The following built-in MBeans are provided for session pools:

  • org.onehippo.hst:type=SessionPool,name=default

  • org.onehippo.hst:type=SessionPoolCounter,name=default

  • org.onehippo.hst:type=SessionPool,name=preview

  • org.onehippo.hst:type=SessionPoolCounter,name=preview

  • org.onehippo.hst:type=SessionPool,name=binaries

  • org.onehippo.hst:type=SessionPoolCounter,name=binaries

  • org.onehippo.hst:type=SessionPool,name=writable

  • org.onehippo.hst:type=SessionPoolCounter,name=writable

  • org.onehippo.hst:type=SessionPool,name=hstconfigreader

  • org.onehippo.hst:type=SessionPoolCounter,name=hstconfigreader

Each MBean above represents org.hippoecm.hst.core.jcr.pool.PoolingRepositoryMBean or org.hippoecm.hst.core.jcr.pool.PoolingCounterMBean.
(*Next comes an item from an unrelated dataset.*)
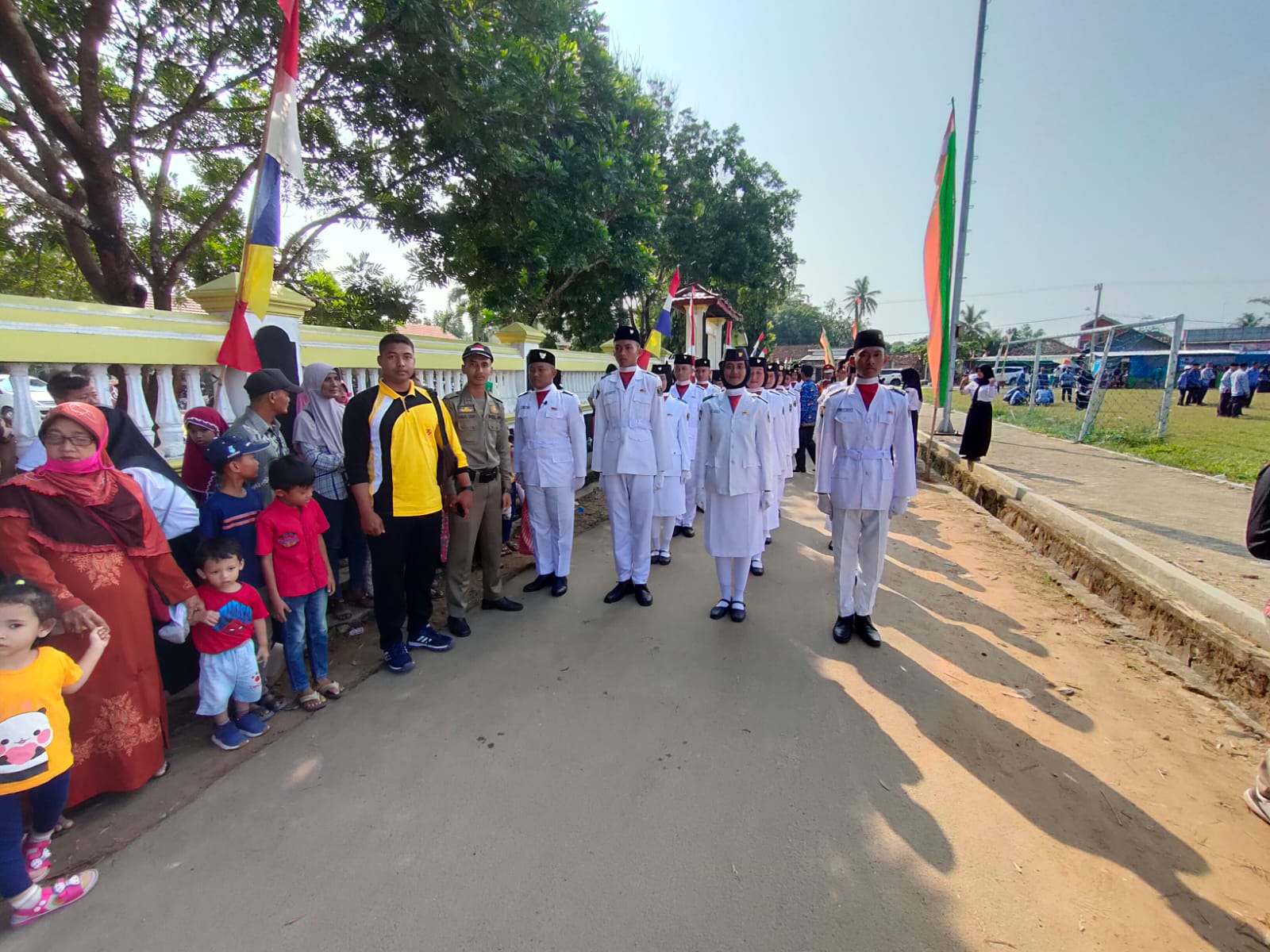 Upacara Pengibaran Bendera Merah Putih dalam Rangka HUT RI Ke-77 di Lapangan Merdeka Dono Arum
The former represents the pool configurations and current states, while the latter represents (increasing) counters for monitoring purpose.

Also, HST exports Ehcache MBeans by default. HST  BinariesServlet uses Ehcache based cache for better response. So, you can monitor Ehcache MBeans automatically. See [ 1 ] for details to monitor Ehcache.